Kenny Conley is more likely a decent cop doing his job with some bravery than some in the UK public eye recently. The matter is reported in the journal i-Perception –
This journal has much about it I would commend, notably that it is free to read and freely available – a model our public affairs should follow.
Our court systems rely on concepts of evidence that are very dated. Decisions on fact are essentially taken by lay people – magistrates and juries. This might be a good thing, given some of what is emerging on “expert” decisions in the Crown Prosecution Service and seeps out on bureaucratic manipulations in the like of Baby P, though the same flaws are present in our court rooms because what can be presented in court is severely limited by cost, representation and ‘legal rules’.
Human history is not one in which many people have shown much notion of what real evidence is. In this case, it isn’t so much that the academics have established that it is quite likely that we might well not see and incident whilst focused on another, but that courts are making decisions on what they cannot know as though they could and prepared to send people to jail on that basis. Many questions spring up, including that if this can happen to a cop with representation, what else might be going on in cases with no representation?
I feel for Kenny, having been in a similar situation. The point really though is that the time for our courts to be subjected to proper public scrutiny is long overdue – and this needs to be scrutiny beyond that of superior courts. I gave evidence that wasn’t quite true in order to both tell the truth and defend an officer doing his job. Other officers present lied that they could not see the incident, something easily disproved in an recreation (there wasn’t one). I was some distance further away and arresting someone else – they were, in fact, just watching and the idle and incompetent of many other incidents.
Our courts have been pretending on evidence for centuries. Our legal system is based on fictions and in no way approaches scientific criteria on evidence – it could not entirely of course. What really worries me about Kenny’s case is that we would send a man to jail in the belief he was lying about the fact that he could have given evidence, with no one bothering to find out whether anyone was likely to have been able to.
One cannot read i-Perception and conclude anyone was likely to be able to give the evidence Kenny was assumed to have been able to witness. Yet we assume all kinds of worthies can’t see the blatant corruption around them in Baby P, Parliamentary expenses and in hiring a bent forensic expert who lies to court (Bento) or in CPS decision-making on Harwood and in failing to disclose on undercover officers etc. All these worthies are clearly more guilty than Kenny, even if he did see the fight. Unlike the nose-in-the-troughs the sharp end appears exposed to the same unfair ‘justice’ as the rest of us.
What about an experiment on whether we would ‘see’ corruption around us?
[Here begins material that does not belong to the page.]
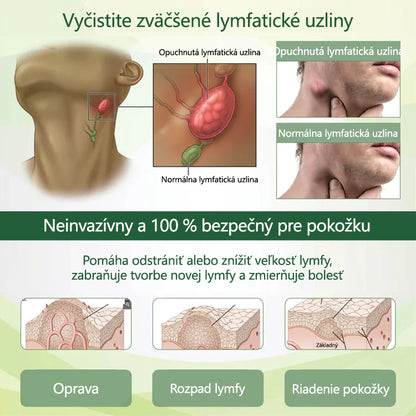 ✨Povedzte zbohom opuchnutým, boľavým nohám – CleraNaure® FluidEase Profesionálny krém na zlepšenie krvného obehu v nohách prináša skutočnú úľavu! ✨🦵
The Establishment knows we do – that’s why Tisdale and the guy who told us which direction the Belgrano was sailing in were prosecuted and why whistle-blowers are treated like lepers.
Kenny Conley eventually won on appeal, though not on the academic research. My own feelings are that it is time to stop the nonsense of magistrates and juries making up their minds on whatever is skewed at them in the weird settings of courtrooms. Could we not come up with a better system of public scrutiny? I don’t really mean new court systems – something systemic that would not have to rely on ‘personal integrity’ or ‘value ethics’ acting in secret?